_Brief_
Report every line below that holds the word "Stockfoto".

Caption-style text data:
# # # # # # #
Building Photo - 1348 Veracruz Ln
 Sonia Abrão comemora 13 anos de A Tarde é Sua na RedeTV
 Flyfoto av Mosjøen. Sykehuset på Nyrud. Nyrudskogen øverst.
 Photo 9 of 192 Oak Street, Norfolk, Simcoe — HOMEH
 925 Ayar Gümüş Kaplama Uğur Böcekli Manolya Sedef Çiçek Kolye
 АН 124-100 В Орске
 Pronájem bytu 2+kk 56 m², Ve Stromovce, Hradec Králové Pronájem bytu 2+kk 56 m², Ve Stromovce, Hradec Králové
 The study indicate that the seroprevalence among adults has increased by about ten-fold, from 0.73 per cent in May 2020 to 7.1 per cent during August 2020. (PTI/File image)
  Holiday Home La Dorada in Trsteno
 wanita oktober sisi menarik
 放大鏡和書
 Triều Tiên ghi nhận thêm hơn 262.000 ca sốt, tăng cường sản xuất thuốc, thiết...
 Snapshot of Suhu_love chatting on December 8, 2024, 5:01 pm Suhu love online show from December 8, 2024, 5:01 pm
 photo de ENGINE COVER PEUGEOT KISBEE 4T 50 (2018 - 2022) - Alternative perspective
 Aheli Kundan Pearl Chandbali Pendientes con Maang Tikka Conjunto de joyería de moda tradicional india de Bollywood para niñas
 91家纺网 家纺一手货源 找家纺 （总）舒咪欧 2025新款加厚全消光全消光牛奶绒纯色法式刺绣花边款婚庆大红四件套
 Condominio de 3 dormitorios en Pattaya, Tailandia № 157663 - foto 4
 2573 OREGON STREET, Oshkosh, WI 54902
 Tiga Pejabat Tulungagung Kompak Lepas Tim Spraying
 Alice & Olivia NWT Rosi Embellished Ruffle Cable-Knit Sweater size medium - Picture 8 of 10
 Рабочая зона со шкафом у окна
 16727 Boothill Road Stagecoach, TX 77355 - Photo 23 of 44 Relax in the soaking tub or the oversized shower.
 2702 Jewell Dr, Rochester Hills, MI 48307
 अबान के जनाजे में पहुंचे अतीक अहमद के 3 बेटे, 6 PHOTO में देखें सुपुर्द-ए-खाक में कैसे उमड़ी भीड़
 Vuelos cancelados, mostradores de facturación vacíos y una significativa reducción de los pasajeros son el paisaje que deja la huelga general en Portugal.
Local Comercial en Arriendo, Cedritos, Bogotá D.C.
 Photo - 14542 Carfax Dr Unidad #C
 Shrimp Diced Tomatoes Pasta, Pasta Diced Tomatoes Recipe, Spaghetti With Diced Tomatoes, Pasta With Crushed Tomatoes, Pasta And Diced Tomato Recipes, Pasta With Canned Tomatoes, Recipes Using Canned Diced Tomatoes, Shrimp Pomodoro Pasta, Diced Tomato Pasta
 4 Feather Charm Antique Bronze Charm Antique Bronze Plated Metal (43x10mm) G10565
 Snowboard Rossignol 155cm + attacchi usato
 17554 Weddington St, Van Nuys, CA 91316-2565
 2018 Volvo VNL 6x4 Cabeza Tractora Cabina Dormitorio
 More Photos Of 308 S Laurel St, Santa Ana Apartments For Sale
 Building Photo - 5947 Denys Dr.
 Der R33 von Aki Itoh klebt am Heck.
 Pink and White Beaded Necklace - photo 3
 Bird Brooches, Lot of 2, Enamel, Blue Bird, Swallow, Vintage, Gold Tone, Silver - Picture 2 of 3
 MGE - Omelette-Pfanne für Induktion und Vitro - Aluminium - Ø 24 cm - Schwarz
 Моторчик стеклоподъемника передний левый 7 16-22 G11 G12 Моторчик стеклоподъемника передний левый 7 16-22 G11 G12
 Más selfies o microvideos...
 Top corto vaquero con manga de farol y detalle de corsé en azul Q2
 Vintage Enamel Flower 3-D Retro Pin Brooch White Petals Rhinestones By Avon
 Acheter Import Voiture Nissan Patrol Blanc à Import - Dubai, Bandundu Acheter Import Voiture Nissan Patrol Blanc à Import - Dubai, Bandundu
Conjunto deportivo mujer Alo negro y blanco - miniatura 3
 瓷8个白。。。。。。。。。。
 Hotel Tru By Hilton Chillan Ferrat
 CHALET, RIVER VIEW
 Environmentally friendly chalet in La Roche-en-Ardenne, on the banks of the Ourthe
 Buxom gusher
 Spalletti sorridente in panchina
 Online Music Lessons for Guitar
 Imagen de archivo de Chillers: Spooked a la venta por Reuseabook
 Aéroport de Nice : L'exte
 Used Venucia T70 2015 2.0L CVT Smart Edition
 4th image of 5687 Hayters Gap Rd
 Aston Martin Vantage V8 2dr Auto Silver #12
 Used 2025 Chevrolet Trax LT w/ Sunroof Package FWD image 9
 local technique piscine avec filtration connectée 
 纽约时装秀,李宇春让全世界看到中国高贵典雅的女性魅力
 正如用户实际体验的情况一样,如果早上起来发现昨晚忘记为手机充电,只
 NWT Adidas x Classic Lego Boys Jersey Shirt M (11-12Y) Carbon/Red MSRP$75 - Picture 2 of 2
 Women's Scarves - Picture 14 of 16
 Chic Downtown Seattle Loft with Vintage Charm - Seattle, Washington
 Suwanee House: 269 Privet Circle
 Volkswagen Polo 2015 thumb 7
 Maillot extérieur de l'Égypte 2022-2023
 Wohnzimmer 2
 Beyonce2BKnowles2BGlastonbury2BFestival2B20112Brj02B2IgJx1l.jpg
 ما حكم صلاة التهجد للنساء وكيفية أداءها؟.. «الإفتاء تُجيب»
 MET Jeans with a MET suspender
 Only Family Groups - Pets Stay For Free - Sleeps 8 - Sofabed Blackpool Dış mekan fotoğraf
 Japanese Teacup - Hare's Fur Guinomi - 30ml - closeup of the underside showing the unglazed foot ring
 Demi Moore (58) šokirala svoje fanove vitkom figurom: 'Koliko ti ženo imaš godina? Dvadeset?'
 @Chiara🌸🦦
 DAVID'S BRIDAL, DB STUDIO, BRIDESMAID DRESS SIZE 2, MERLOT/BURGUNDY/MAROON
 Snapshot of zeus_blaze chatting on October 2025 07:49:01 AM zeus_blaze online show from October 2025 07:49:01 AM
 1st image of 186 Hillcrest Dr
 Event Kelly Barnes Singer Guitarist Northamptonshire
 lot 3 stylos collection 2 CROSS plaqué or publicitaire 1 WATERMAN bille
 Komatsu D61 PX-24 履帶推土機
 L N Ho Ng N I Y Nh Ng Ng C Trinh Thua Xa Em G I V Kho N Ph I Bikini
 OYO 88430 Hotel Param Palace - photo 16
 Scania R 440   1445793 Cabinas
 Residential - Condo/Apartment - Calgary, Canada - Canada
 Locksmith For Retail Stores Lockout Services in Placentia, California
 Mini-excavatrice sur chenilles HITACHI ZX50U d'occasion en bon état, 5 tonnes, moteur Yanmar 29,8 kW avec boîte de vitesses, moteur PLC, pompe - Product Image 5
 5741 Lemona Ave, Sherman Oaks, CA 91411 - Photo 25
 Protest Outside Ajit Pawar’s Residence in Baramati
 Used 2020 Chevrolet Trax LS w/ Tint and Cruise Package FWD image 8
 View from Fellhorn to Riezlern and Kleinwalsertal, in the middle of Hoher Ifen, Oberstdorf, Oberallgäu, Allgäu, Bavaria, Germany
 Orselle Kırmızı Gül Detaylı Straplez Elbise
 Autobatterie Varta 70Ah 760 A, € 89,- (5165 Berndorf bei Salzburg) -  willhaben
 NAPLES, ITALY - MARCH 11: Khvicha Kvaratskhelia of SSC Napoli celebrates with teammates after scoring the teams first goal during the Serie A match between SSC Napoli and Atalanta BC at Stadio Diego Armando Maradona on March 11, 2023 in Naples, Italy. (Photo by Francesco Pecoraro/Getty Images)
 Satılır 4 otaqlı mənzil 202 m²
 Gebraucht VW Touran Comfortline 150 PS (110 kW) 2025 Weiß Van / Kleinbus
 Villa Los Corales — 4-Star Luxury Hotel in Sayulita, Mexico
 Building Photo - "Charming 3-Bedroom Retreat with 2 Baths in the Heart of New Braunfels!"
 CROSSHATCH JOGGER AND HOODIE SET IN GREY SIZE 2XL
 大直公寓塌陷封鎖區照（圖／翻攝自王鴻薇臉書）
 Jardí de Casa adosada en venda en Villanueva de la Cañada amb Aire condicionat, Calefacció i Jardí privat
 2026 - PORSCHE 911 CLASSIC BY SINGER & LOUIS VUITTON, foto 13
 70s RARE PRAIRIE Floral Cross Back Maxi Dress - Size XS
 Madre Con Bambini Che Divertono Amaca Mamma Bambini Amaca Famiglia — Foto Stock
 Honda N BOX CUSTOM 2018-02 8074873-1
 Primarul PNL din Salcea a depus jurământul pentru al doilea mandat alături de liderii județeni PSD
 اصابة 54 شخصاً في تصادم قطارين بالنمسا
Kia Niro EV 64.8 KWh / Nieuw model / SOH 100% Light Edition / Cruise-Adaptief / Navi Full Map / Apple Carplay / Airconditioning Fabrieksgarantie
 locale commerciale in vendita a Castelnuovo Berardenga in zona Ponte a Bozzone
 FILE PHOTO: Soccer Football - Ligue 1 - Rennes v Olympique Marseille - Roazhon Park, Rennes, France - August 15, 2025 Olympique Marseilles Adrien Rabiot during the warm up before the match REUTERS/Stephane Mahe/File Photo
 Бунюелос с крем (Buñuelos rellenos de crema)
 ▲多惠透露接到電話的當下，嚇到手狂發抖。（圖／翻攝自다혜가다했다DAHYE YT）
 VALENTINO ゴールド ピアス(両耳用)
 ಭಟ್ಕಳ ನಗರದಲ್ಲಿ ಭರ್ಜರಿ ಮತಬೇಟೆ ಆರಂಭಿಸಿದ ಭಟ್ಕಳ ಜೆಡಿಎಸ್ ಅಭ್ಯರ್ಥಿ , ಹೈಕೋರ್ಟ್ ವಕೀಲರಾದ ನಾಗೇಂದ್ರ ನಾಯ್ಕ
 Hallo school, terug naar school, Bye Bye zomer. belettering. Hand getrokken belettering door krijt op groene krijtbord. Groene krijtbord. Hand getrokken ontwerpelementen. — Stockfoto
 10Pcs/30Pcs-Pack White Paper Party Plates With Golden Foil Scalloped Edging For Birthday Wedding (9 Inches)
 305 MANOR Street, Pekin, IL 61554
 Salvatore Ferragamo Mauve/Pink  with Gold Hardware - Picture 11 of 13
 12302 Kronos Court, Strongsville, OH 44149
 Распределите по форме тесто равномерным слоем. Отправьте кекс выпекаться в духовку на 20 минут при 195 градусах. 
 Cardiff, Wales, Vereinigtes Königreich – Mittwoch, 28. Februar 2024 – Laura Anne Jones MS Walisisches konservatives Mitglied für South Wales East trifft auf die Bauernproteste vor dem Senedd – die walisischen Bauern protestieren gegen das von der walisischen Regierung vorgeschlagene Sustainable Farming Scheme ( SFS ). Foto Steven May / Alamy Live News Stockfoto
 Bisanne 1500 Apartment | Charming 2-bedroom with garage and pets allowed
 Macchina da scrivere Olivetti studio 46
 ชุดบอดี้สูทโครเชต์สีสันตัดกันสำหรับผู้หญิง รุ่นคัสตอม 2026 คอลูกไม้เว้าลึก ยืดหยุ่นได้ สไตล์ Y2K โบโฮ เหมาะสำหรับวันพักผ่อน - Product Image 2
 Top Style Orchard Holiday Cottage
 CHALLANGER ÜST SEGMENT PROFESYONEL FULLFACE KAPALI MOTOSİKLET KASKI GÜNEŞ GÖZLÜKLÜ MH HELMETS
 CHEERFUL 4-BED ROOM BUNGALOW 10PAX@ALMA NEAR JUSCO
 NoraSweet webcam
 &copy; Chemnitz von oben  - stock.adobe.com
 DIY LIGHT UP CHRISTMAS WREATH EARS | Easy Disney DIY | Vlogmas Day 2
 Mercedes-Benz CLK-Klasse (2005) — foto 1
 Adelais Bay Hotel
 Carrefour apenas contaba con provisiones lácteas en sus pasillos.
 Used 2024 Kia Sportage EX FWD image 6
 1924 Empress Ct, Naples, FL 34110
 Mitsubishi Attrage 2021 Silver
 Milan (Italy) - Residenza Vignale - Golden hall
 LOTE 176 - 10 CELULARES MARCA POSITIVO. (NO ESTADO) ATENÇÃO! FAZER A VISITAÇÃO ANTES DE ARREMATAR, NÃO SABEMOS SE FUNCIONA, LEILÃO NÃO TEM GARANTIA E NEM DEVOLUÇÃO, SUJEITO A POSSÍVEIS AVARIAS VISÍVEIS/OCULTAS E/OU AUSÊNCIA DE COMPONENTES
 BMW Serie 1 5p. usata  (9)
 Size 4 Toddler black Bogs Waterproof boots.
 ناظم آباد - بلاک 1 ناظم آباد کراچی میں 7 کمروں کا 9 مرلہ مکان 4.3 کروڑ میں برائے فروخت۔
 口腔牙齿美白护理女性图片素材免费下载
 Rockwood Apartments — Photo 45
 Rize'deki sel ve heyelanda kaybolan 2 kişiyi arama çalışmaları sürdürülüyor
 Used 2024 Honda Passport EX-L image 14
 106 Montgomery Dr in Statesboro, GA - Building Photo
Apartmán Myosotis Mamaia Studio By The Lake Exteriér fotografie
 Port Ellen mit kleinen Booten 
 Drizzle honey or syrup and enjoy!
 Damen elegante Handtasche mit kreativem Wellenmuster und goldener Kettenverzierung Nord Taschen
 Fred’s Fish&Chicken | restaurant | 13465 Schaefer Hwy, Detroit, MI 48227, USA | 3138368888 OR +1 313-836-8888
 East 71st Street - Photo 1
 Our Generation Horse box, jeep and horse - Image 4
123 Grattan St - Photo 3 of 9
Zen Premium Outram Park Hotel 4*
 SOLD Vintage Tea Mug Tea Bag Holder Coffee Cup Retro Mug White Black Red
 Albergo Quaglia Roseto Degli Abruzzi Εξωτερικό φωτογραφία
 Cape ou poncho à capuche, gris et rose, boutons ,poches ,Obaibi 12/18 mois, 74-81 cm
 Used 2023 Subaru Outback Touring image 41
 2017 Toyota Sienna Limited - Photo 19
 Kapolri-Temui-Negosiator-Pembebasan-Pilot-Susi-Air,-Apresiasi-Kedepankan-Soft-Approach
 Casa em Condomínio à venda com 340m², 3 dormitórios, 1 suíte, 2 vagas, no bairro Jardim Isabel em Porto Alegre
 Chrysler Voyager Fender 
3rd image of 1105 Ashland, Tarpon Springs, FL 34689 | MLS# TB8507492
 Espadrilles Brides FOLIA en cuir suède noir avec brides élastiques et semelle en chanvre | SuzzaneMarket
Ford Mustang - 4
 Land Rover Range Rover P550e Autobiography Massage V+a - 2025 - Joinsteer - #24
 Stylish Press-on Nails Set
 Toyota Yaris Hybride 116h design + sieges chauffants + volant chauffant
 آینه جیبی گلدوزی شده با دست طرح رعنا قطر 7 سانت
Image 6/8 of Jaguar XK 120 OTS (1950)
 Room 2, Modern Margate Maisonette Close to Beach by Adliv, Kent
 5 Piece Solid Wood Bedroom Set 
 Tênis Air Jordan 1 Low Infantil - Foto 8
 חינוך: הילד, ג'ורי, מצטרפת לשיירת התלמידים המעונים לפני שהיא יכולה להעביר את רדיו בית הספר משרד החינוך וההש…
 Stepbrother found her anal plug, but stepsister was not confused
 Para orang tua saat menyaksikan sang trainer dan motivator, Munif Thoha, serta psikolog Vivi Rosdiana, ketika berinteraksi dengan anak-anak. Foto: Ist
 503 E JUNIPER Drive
# # # # # # #
_Solved problem_
 Hallo school, terug naar school, Bye Bye zomer. belettering. Hand getrokken belettering door krijt op groene krijtbord. Groene krijtbord. Hand getrokken ontwerpelementen. — Stockfoto
 Cardiff, Wales, Vereinigtes Königreich – Mittwoch, 28. Februar 2024 – Laura Anne Jones MS Walisisches konservatives Mitglied für South Wales East trifft auf die Bauernproteste vor dem Senedd – die walisischen Bauern protestieren gegen das von der walisischen Regierung vorgeschlagene Sustainable Farming Scheme ( SFS ). Foto Steven May / Alamy Live News Stockfoto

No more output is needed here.